Table 4.2 Apple’s balance sheet – equity section
I often find companies report earnings that should flow into and increase shareholders’ equity. But often the increase in shareholders’ equity does not materialize. Also, there can be distributions out of equity that do not benefit shareholders. Hence, the term “leaky equity bucket.” I look for evidence of this in my analysis of changes in shareholders’ equity.
Explanatory comments on Table 4.2 for the period end FY-2016 to end Q2-2023
- Reported net income (GAAP) over the 6.75-year period totals $489.071 billion, equivalent to diluted net income per share of $27.91.
- Other comprehensive income includes such things as foreign exchange translation adjustments with respect to buildings, plant, and other facilities located overseas and changes in the valuation of assets in the pension fund – these are not passed through net income as they fluctuate without affecting operations and can easily reverse in a following period. Nevertheless, they do impact the value of shareholders’ equity at any point in time. For Apple, these items were negative, decreasing equity by $9.792 billion over the 6.75-year period. This was primarily due to recording a loss due to a change in fair value of marketable debt securities in FY 2022.
- There were share issues to employees, and these were a significant expense items. The amounts recorded in the income statement and in shareholders’ equity, for equity awards to staff totaled $25.661 billion ($1.43 EPS effect) over the 6.75 year period. However, the market value of these shares is estimated to be $71.334 billion ($4.11 EPS effect). The understatement of expense by ~$45 billion is material in the context of GAAP earnings total of ~$489 billion over the 6.75-year period and is concerning from a “leaky equity bucket” aspect.
- By the time we take the above-mentioned items into account, we find, over the 6.75-year period, the reported non-GAAP EPS of $127.91 ($489.071 billion) has decreased to $124.65 ($433.606 billion), added to funds from operations available for distribution to shareholders.

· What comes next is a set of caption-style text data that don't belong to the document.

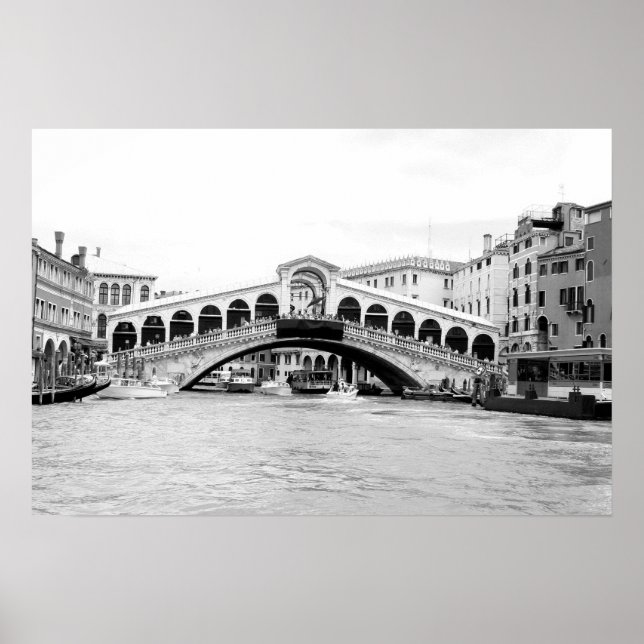Póster Puente Rialto blanco y negro, Venecia. (Frente)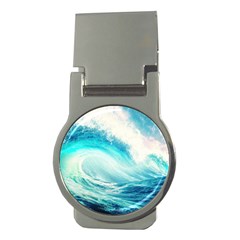 Tsunami Waves Ocean Sea Nautical Nature Water Nature Money Clips (round)  by uniart180623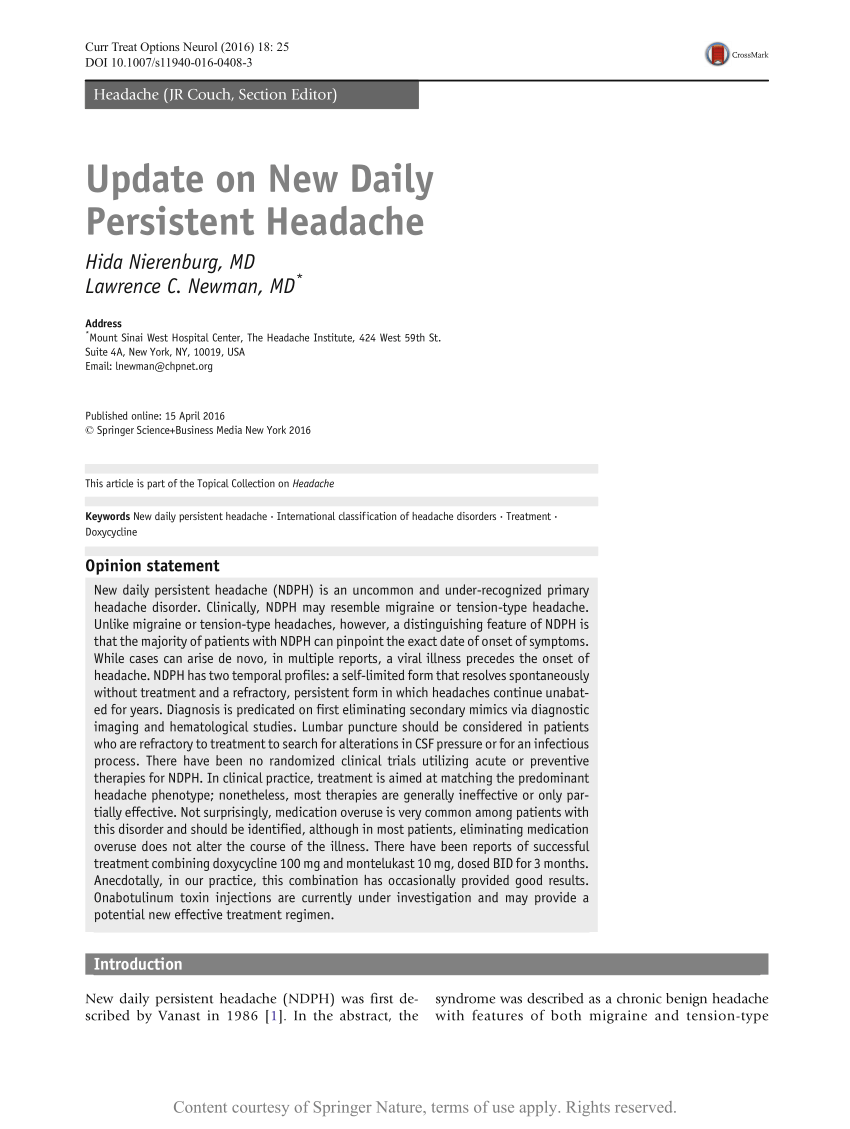 New daily persistent headache research images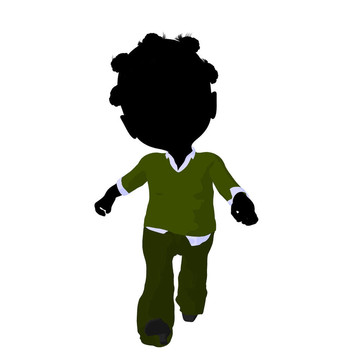 非洲裔小女孩插畫(huà)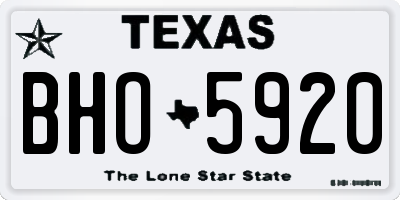 TX license plate BHO5920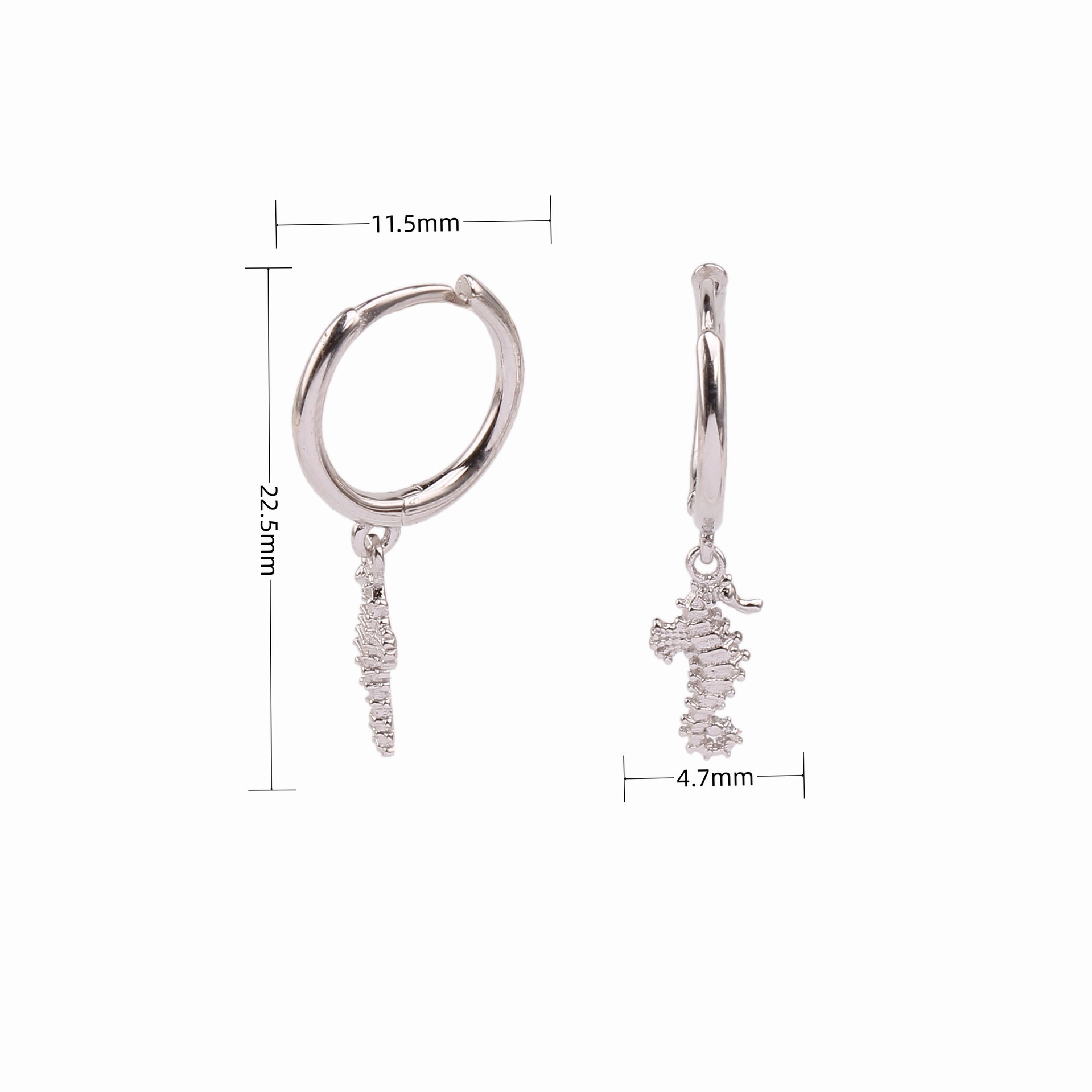 1 Pair Vintage Style Hippocampus Plating Sterling Silver White Gold Plated Gold Plated Drop Earrings display picture 3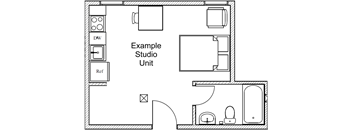 A drawing of a studio apartment with a living room, kitchen, and bathroom.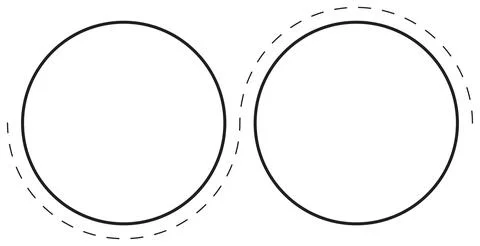 Seamless Repeating Circle Vector Element. This minimalist, two-step illustrat Stock Illustration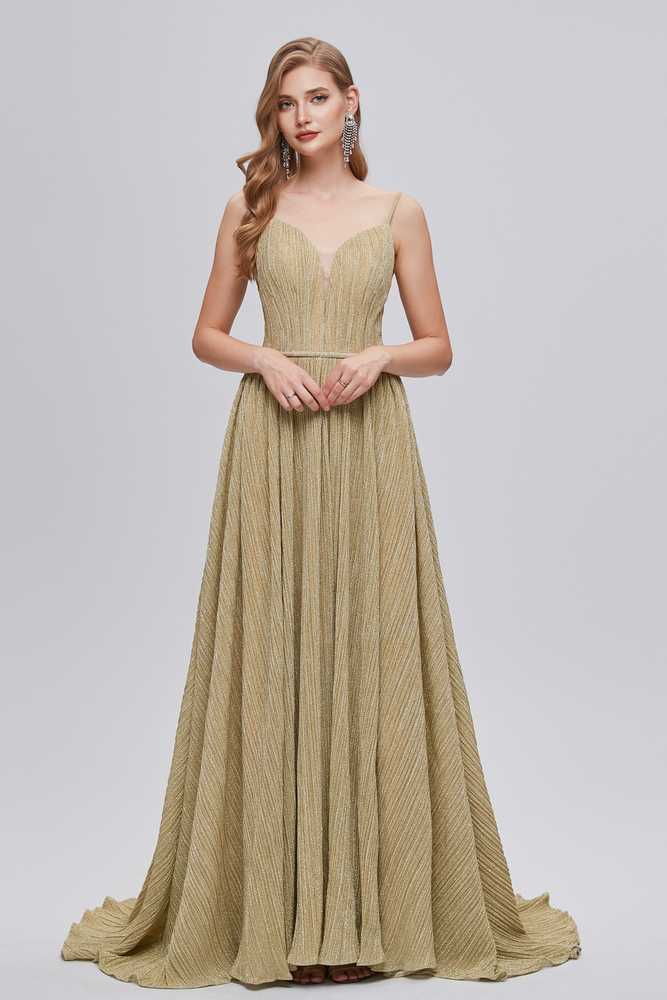 A-Line V-Neck Backless Long Formal Dresses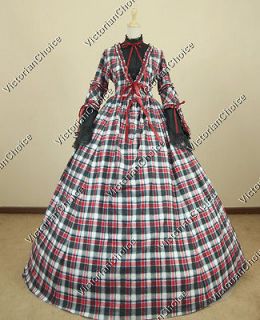 Civil War Cotton Blend Tartan Ball Gown Prom Dress Reenactment 158 S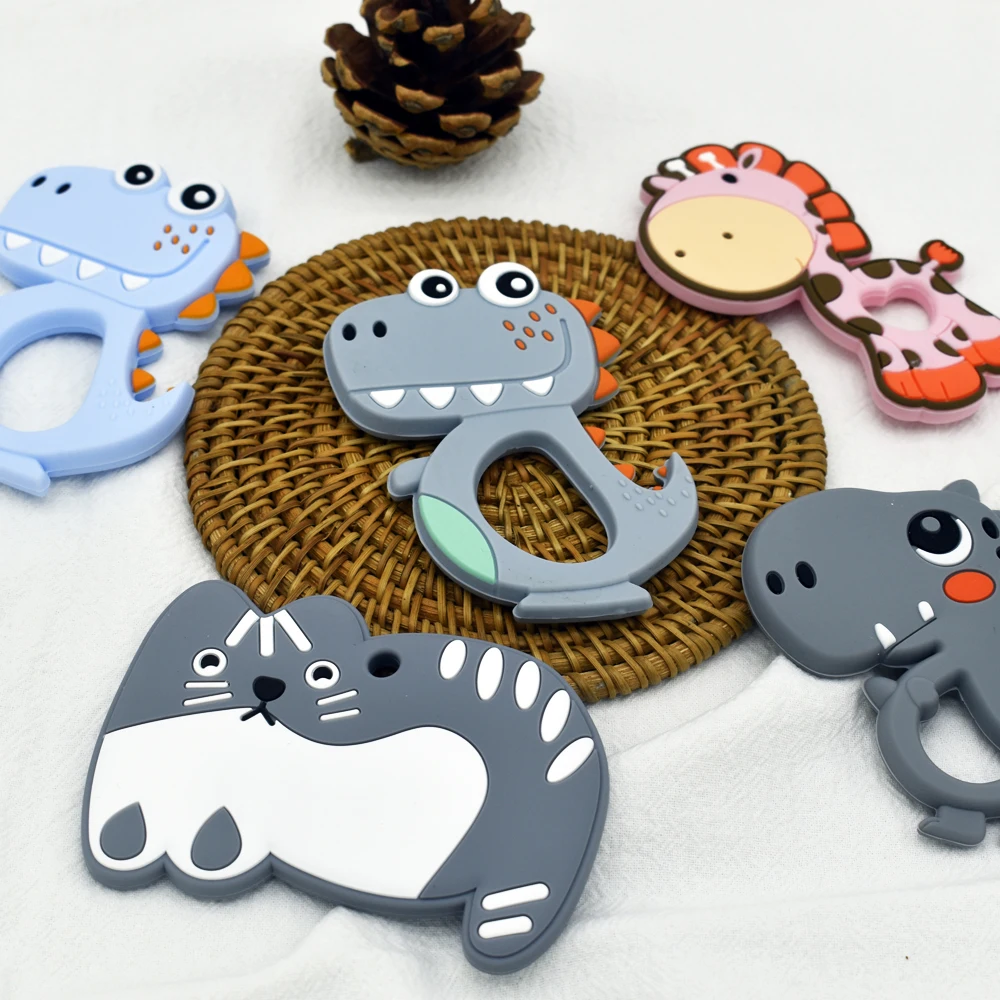 Food Grade Silicone Teethers Cartoon Animal Dinosaur Shaped Baby Teether Rodent Nurse Accessories For Newborn Baby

- Distributions totaled $501.581 billion, comprised of dividends of $95.185 billion and share repurchases, net of issues to staff, of $406.396 billion. These distributions of $501.581 billion exceeded the $433.606 billion of funds available from operations, resulting in the $67.975 billion reduction in Shareholders’ equity per Table 4.1 above. The inescapable conclusion is Apple has gone beyond using surplus cash for share repurchases and are borrowing funds for this purpose.
Summary and Conclusions
Apple’s share price is supported by a multiple of 29.06 and it is believed the greater likelihood is this multiple will move back towards the lower historical average of 22.34. Even at a multiple of 26.0 indicative returns through the end of 2024 based on analysts’ consensus EPS estimates is a low 2.8% per year. The wide range of analysts’ EPS estimates suggests a high degree of uncertainty in relation to future earnings. While continuing share repurchases could continue to boost EPS the current share price does not make share repurchases as attractive as in the past, particularly where funded by increases in net debt. Taking all of the foregoing into account, Apple is downgraded from Buy to Sell.